On top of that, the solution seems to integrate well with the Cloud Run autoscaling strategy. When the load is low, the workers serving the models are pretty much idle. As the load increases, the workers get busy, which in turn increases overall Cloud Run instance CPU usage. Once it reaches a certain threshold, Cloud Run will spin up another instance to handle the load.


How to use / Examples

  • Instantiating MLPool

In order to use MLPool, for every ML model a user wants to run on the pool, they need to provide a callable, which loads a model into memory and prepares it. Under the hood, MLPool will ensure every worker in the pool running in a dedicated process loads the model(s) in memory when it starts (done only once).

Consider these functions that load the text classification models as an example:

def load_text_classifier(weights_path: str) -> TextClassifier:
    return TextClassifier(weights_path)

When instantiating MLPool, a user needs to pass the parameter models_to_load, which is a dictionary where the keys are model names MLPool will serve, and the values are the callables loading the models (example function above).
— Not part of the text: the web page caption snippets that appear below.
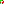 Destellos dst-4877179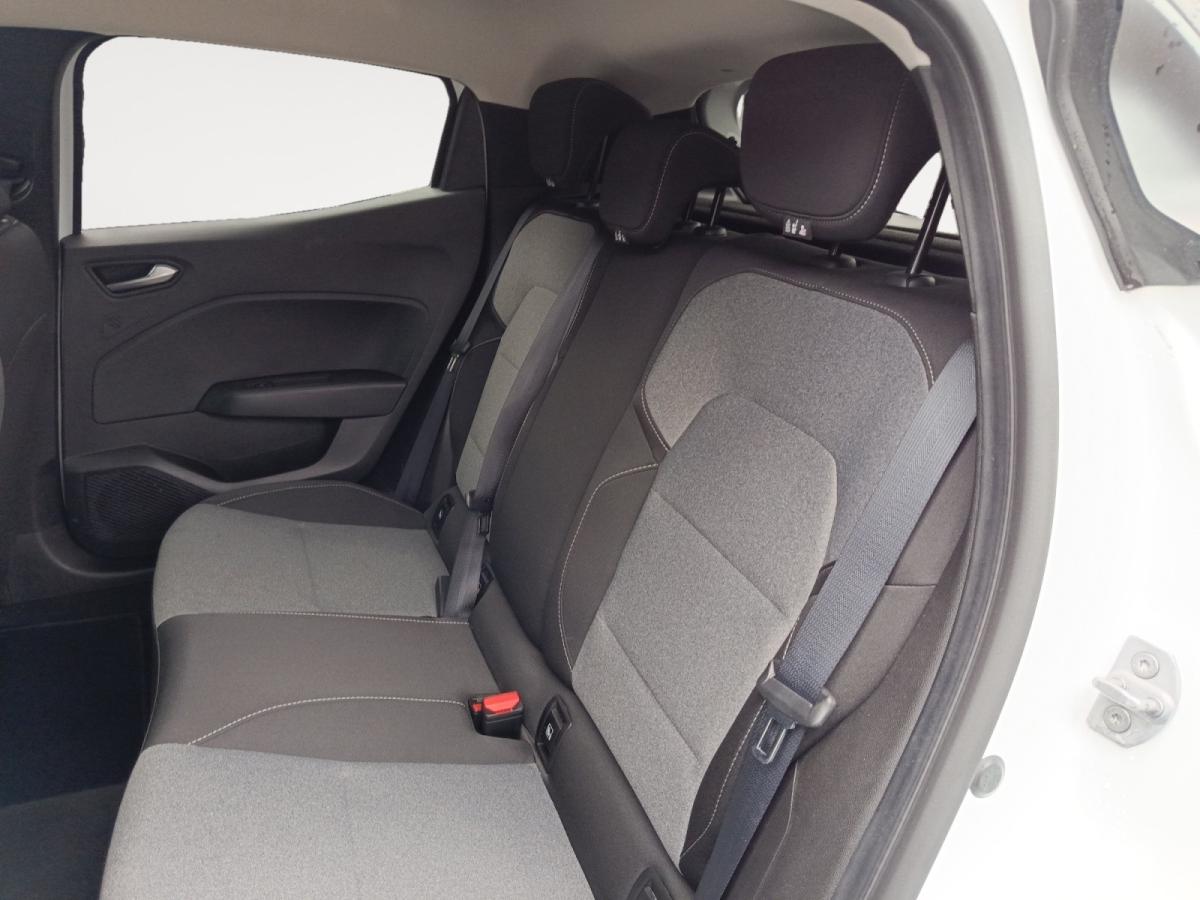 renault-clio-2025-gasolina-999cc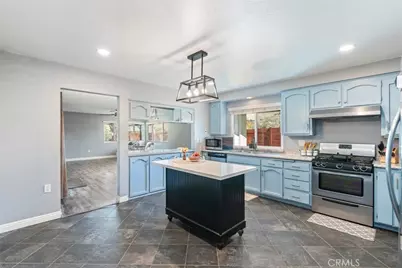 40312 Raymer, Hemet, CA 92544 - Photo 8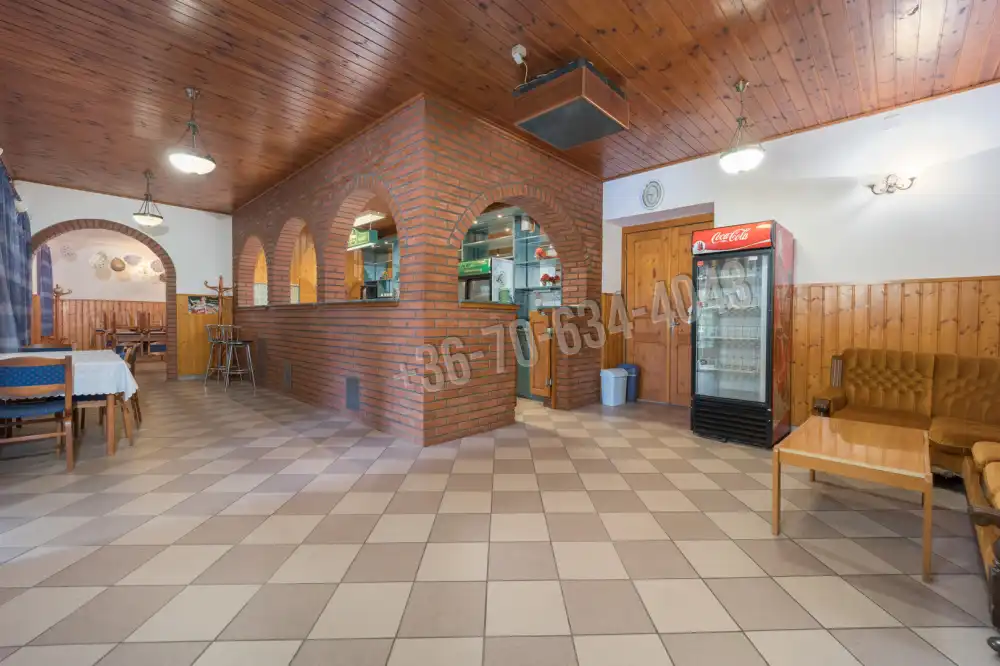 Pest megye - Vámosmikola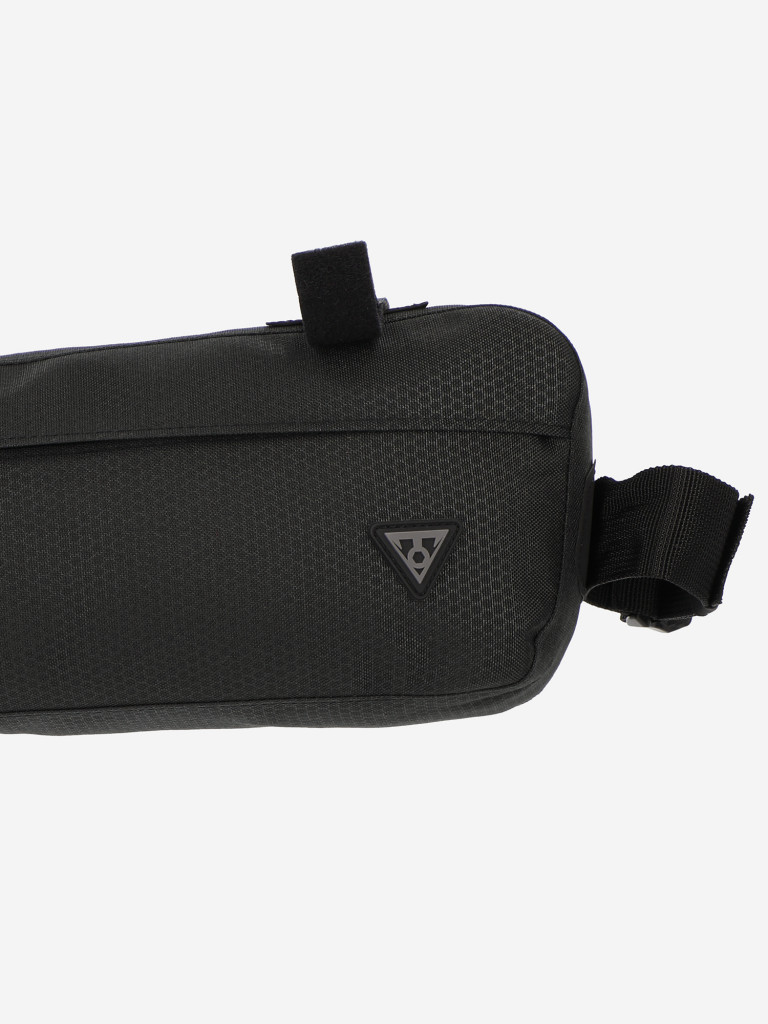 Сумка на велосипед Topeak MidLoader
In addition, the user can specify the number of workers they want, scoring results TTL, the number of jobs that could be queued on the pool etc.

if __name__ == "__main__":
    with MLPool(
        models_to_load={
            "text_classifier": partial(load_text_classifier, "text_classification.pt"),
            "any_other_model": load_any_other_model_callable
        },
        nb_workers=5,
    ) as pool:
        ...

! IMPORTANT, when instantiating MLPool do it under if __name__ == "__main__":

  • Scoring on MLPool

MLPool gives user full control of what gets executed on the pool, so in order to score a model on the pool, the user needs to provide a callable such as:

def score_text_classifier(model: TextClassifier, text):
    return model.classify_text(text)

where the first parameter is the model and then anything else the user wants to pass

To schedule execution of the function above on the pool, the user can call .create_job() or asyncio friendly .create_job_async() methods passing the:

  • score_model_function - a function to run on the pool, which accepts a model as the first argument
  • model_name - model to be passed to the function as the first argument, must be one of the functions provided when instantiating MLPool
  • args, kwargs - any other arguments to pass to the function
job_id = pool.create_job(
    score_model_function=score_text_classifier,
    model_name="text_classifier",
    kwargs={
        "text": "MEMPHIS, Tenn. – Four days ago, Jon Rahm was \
        enduring the season’s worst weather conditions on Sunday at The \
        Open on his way to a closing 75 at Royal Portrush, which \
        considering the wind and the rain was a respectable showing"
    }
)
print(pool.get_result(job_id))

To execution results back the user can call get_result or asyncio friendly get_result_async passing id of the job.

  • Cancelling

Once a job was created, it is possible to cancel model scoring if it hasn't run yet using .cancel_job(). Convenient, if, say, your web socket client disconnects


End to end example:

Say, we have two models we want to serve.

from functools import partial

from fastapi import FastAPI
import pydantic
import uvicorn

from ml_pool import MLPool
from ml_pool.logger import get_logger
from examples.models import HungryIris, HungryDiabetesClassifier


logger = get_logger("api")

app = FastAPI()


# --------------------- functions a user to provide --------------------------
def load_iris(model_path: str) -> HungryIris:
    # TODO: Loading and preparing ML model goes here

    return HungryIris(model_path)


def score_iris(model: HungryIris, features):
    # TODO: Feature engineering etc goes here

    return model.predict(features)


def load_diabetes_classifier(model_path: str) -> HungryDiabetesClassifier:
    # TODO: Loading and preparing ML model goes here

    return HungryDiabetesClassifier(model_path)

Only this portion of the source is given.